Rockaway Outdoors/Tales From The Wheelhouse
I live pretty much a "bizzarro" life. That's a good thing because, as I go about my day void of saltwater and fishing this time of year, I can retreat into my Walter Mitty existence and daydreaming as I go along.
Oh I get my hits of saltwater, for instance when I walk Bo I'm down by the bay; that's one hit. On route to work I pass Jamaica Bay and Little Neck Bay. That's a double hit; actually factor in the ride home you have four hits. That's what I'm talking about. Inadvertently or by design, I feed my saltwater craving.

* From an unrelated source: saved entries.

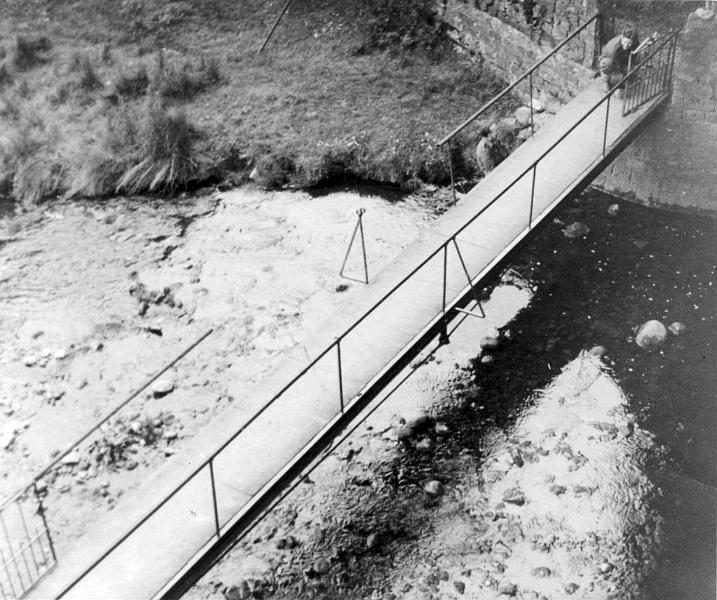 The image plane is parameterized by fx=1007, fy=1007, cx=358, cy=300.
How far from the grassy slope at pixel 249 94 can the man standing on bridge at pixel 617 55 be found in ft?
9.40

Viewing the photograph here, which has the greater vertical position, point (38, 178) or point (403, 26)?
point (403, 26)

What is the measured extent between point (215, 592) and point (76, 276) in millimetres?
5763

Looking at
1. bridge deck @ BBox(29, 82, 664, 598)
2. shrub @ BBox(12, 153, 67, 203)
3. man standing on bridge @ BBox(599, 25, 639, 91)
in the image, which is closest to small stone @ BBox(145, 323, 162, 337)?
bridge deck @ BBox(29, 82, 664, 598)

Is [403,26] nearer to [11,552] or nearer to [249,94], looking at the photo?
[249,94]

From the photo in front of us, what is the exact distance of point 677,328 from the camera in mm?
11875

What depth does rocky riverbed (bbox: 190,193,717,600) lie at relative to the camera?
9.14m

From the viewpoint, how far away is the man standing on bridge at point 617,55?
12.7m

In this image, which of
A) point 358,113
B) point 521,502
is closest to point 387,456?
point 521,502

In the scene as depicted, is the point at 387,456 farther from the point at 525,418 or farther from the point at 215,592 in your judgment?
the point at 215,592

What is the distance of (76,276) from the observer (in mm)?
13422

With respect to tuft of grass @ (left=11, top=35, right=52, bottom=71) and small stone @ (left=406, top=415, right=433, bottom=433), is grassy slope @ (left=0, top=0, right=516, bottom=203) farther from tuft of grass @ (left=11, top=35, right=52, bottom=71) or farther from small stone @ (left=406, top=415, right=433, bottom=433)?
small stone @ (left=406, top=415, right=433, bottom=433)

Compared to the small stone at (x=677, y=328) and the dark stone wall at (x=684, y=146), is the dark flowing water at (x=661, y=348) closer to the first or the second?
the small stone at (x=677, y=328)

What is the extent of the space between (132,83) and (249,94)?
6.56 feet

Added to the above would be the neverending "fish calls" I receive before, during and after work. Basically, they are monotonous, redundant calls by the same group of fish burnouts day in and day out, year after year. The content of which changes on rare occasion like the tide. Fish jargon is sprinkled throughout these conversations. For those not in the life, listen and learn.
We fishermen or anglers if you will, to be gender friendly, are always looking to speak to the point and conserve energy. In our infinite wisdom, we invent words, phrases and so on. At the pinnacle of these would be the age-old word "Gotchya" "Hello" "Hey" "What's up" "Not much" "I gotchya" "hear anything" "Na" "yea" "I gotchya" "Mild winter" "Yep I gotchya" "Fish should move through early".

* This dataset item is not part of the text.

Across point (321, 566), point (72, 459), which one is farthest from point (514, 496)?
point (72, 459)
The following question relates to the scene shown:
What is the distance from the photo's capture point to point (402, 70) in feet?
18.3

"Yea maybe" "Yea I gotchya" "Not much ice in the bay" "Yea not much been mild" "Yea I gotchya" "Might be good for crabbin' whatta you think" "Hmm depends" "Yea I gotchya."

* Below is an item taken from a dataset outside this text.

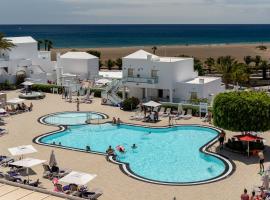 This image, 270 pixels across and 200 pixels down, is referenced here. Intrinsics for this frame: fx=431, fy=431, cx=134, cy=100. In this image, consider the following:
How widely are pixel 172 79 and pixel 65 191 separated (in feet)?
74.1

You see "gotchya" has been handed down from generation to generation of mariners. Basically before the age of the internet and text messaging "gotchya" was used to communicate quickly and decisively.
Without a doubt, the term was a high speed form of communication and light years before fiber optics. How those non-fishermen lived without that term is mind boggling. Spotlight on Jamaica Bay Louies' Pier
I don't know Louie personally. In fact, I don't know if there is a Louie, but every fisherman in the bay knows the spot referred to as Louies' Pier. This landmark spot is easily identified by the white lighthouse structure in appearance on the shore between Roxbury and the elbow or turn toward Breezy Point.
It's further recognized by the sailboats moored there. Directly to the north, or thereabouts, you will see a "rip" formed by the tide flow, and the wreck that lies beneath.
It's a real sleeper of a spot with many boats cruising past it on their way to the inlet. Because of the tide flow, it can be a little tricky at times to get on right, but it does hold fish and is worth investigating. My method of choice would be to use a grapple hook and try and position the boat directly above the structure. Seasonal residents would be blackfish, porgies and Stripers.
Surfcasters also get their licks in casting toward the rip and working the debris field surrounding it. Also, to the west is a belly in the beach that foraging bass and blues coral bait in.
It is a nifty little spot worthy of your time, especially on days when the weather, sea conditions and winds make venturing outside the inlet a little tough.
Personally, I think it is a natural runway for fish moving about the bay. The current moves briskly, especially on the moon tides and the wreck itself provides a break in the tide and a good place for baitfish to hide and forage, hence attracting the bigger predators. Plus, scattered about are the remains of some wooden pilings, all good stuff.
Successful surfcasters prowl about the beach nearby under the cover of darkness when boat traffic subsides and in the early dawn. For the most part, they use decent size surf rods and lures, as opposed to bait.
Occasionally you will see a fly rodder or two undulating their spaghetti western rods back and forth. Pencil poppers, metal lip swimmers, and poppers are all favorites.
But I must add this little caveat to my loyal readers-the master blaster himself, Cheech, prefers the super strike floating polaris. Hard to believe but he single-handedly out fished yours truly with it last fall.
Ok everyone beware the Ides of March, Cesar and flounders............. Until the next Tide.